I'm getting used to the cost of arrows as well but rifle rounds cost $1.25 up so if I shoot a $9 arrow 9 times I'm ahead. All relative. Yes, I do need to shoot my bow more often to gain and maintain proficiency.


----------



## Rapt_up (Mar 18, 2013)

Another thing to consider in the arrow cost vs quality department is how well they last. A cheap arrow might cost less but if you break them then that sucks. I have gone the heavy micro arrow route (VAP or Gold tip Pierce) and fit them with inserts and collars and pin nocks and then the odds of breaking them is very small. A dozen arrows should last you a long time even though they cost a bit more. 

My experience is the $7-10 arrows end up breaking one or two a week... That's expensive for "cheaper" arrows. and if you robin hood or group shots then you're going to go through more than that once you get better at shooting.
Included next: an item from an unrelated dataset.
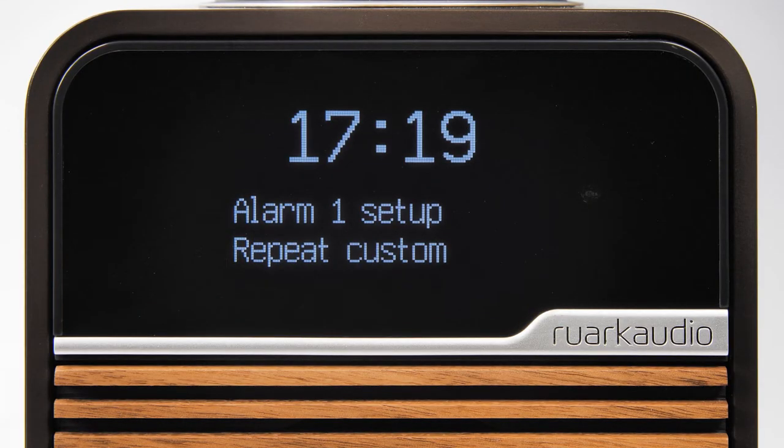Now you can choose when you would like the alarm to sound. You can choose presets including Monday to Sunday, Monday to Friday, Saturday to Sunday, once only, or a custom alarm for individual days of the week.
I cringed at $10 per arrow at first, because it wasn't long before they were breaking on each other, and while you can shoot one per spot that's boring... Soooo I decided to spend a bit more on tougher arrows that last and last...As long as you don't lose them... 
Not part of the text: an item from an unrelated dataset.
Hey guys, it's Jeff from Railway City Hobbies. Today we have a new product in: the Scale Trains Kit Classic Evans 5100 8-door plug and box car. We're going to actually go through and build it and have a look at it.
That's another view on how to save money on arrows.


----------



## Tipe (May 19, 2018)

Maximal Cabon Edge 6.2 is pretty cheap and what I've heard, pretty good also.


----------



## Forium (Feb 10, 2012)

Victory VAPs get you a small diameter arrow for pretty cheap for outdoor, any aluminum arrows at the max. diameter for your competition of choice should fine for indoor


----------



## elgoog (Dec 25, 2017)

Gold Tip Warriors are good to start off. I bought my first 6 from a local archery shop for $45 made up and I still have them after a bunch of rookie archer mistakes (walls, wood frames, rang one off a metal frame once too)
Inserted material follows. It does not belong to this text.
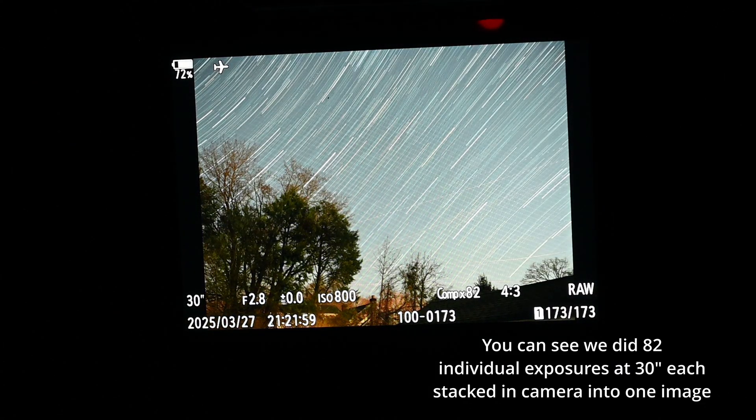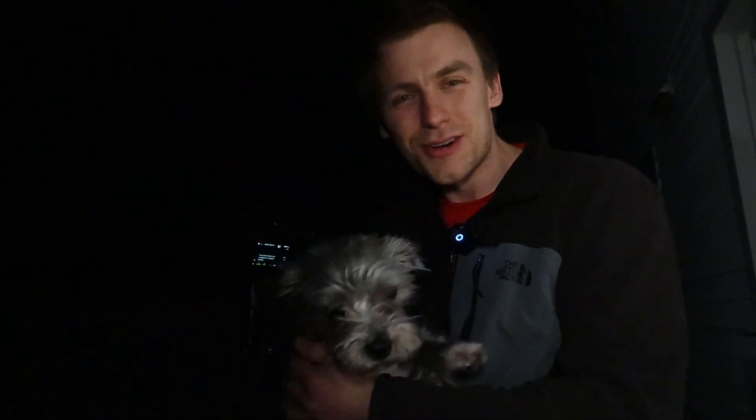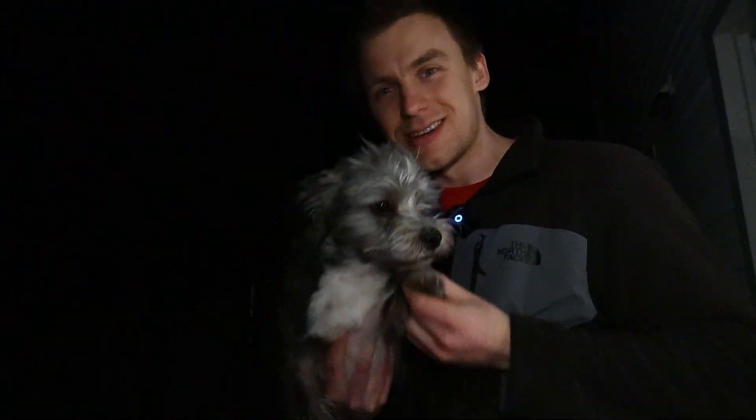There's our finished product — I can take this onto my computer and it's already done, I don't have to stack it at all. That was about 40 minutes using live composite on the OM1 Mark II, and it's so cool because it stacked all of those pictures together in-camera. I don't have 200 photos to stack individually — it was all done in camera. I brought my dog outside for his nighttime potty before we go back in, but I'm going to edit the photo and put it on the screen for you. If you haven't tried this before, I highly recommend it. This is Waterfall Joe — thanks so much for watching and I'll see you in the next one, bye!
I'm building my own arrows now and really got into the Victory line as I'm moving to either micro or fatter shafts.


----------



## NWCT (Mar 29, 2019)

Depending on your budget. Not sure what you consider cheapest. Beman ICS Hunter classic or Precision Hunters are decent for overall use. Utilize decent components that are easy to get inexpensively. Overall, Wont break the bank. Cost about $8-10 each built. If you want to spend a couple bucks more. I've been using the Easton Hyperspeed PRO. Awesome all around arrow/3D/Target. Local shop built some for me $12/ea. Plus these are all made in USA.


----------



## SoddenSlimeball (Jan 20, 2019)

I'm shooting Skylon Brixxons which are rebranded Avalon Tec Ones. Since the Tec Ones are being replaced, they are on clearance for about $45 for a dozen arrows with ±0.001in tolerances. In my opinion they are the best bang for your buck right now considering VAP V1s which are the VAPs with ±0.001in tolerance are $160 per dozen.


----------



## Ten High (Sep 23, 2007)

Heres a good one I use:
Victory VForce Sport arrow, comes "fully assembled" in a three pack, "ready to shoot."
Also, Easton Tribute XX75 (aluminum) 
neither very expensive as it goes.


----------